Die digitale Überwachung des öffentlichen Raums nimmt zu. Jüngst kursierte in sozialen Medien ein Video des Künstlers Dries Depoorter. Links zeigt es Bilder, die auf Instagram gepostet wurden, rechts daneben jeweils die Aufnahmen von Überwachungskameras, die den Moment festhalten, in dem die Porträts geschossen wurden. Die NZZ führte derweil in einem Artikel vor Augen, wie einfach sich Demonstrant:innen mit frei verfügbarer Gesichtserkennungssoftware identifizieren lassen.

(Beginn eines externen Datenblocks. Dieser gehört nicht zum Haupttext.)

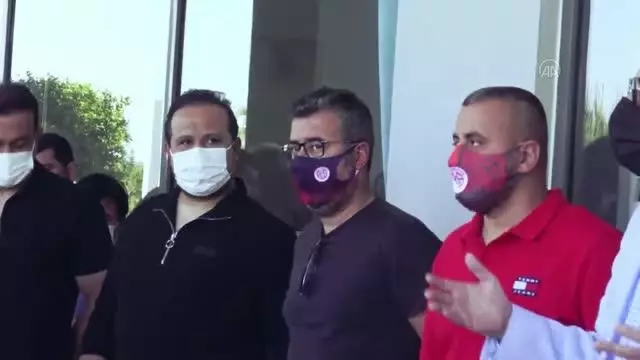 Antalyaspor Kulübü Başkanı Yılmaz, bayramlaşma programında konuştu Antalyaspor Kulübü Başkanı Yılmaz, bayramlaşma programında konuştu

Gegen diese biometrische Massenüberwachung regt sich Widerstand. So wurde letzten November die Kampagne «Gesichtserkennung stoppen» lanciert (siehe WOZ Nr. 46/21). Sie will das Recht, «sich frei und unerkannt im öffentlichen Raum zu bewegen», verteidigen. Im Mai wurde eine Petition mit der Forderung, Gesichtserkennung im öffentlichen Raum zu verbieten, an die Exekutive verschiedener Schweizer Städte versandt. Das Parlament der Stadt St. Gallen hat nun die Gesichtserkennung im öffentlichen Raum vorsorglich gestoppt. Am 14. September stimmte es knapp einer Motion von SP, Juso und der Politischen Frauengruppe zu, die ein Verbot der Gesichtserkennung verlangt. (Damit geht St. Gallen weiter als Zürich: Dort dürfen in Zukunft nur noch Private weiterhin biometrische Erkennungssysteme verwenden.)

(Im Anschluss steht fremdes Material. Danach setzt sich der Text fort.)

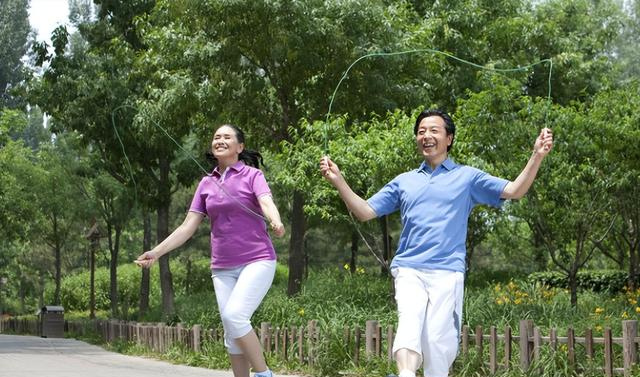 9种锻炼不适合中老年人；练得越多伤得越重！一定要记牢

Das Verbot betrifft vor allem die Polizei. Sie hat reges Interesse an automatisierter Überwachung. Die Kantonspolizei St. Gallen hat 2019 eine Gesichtserkennungssoftware evaluiert, die seither im Einsatz ist. Gemäss kantonalem Sicherheits- und Justizdepartement gehe es aber nicht um Gesichtserkennung im öffentlichen Raum. Die Tools würden nur für die Analyse von Bildmaterial in laufenden Verfahren verwendet. So dürfte das städtische Verbot die Polizeiarbeit vorerst kaum beeinflussen – doch es setzt ihr Grenzen. Der Entscheid dürfte Signalwirkung für andere kantonale und nationale Regulierungen haben – die dringend nötig sind.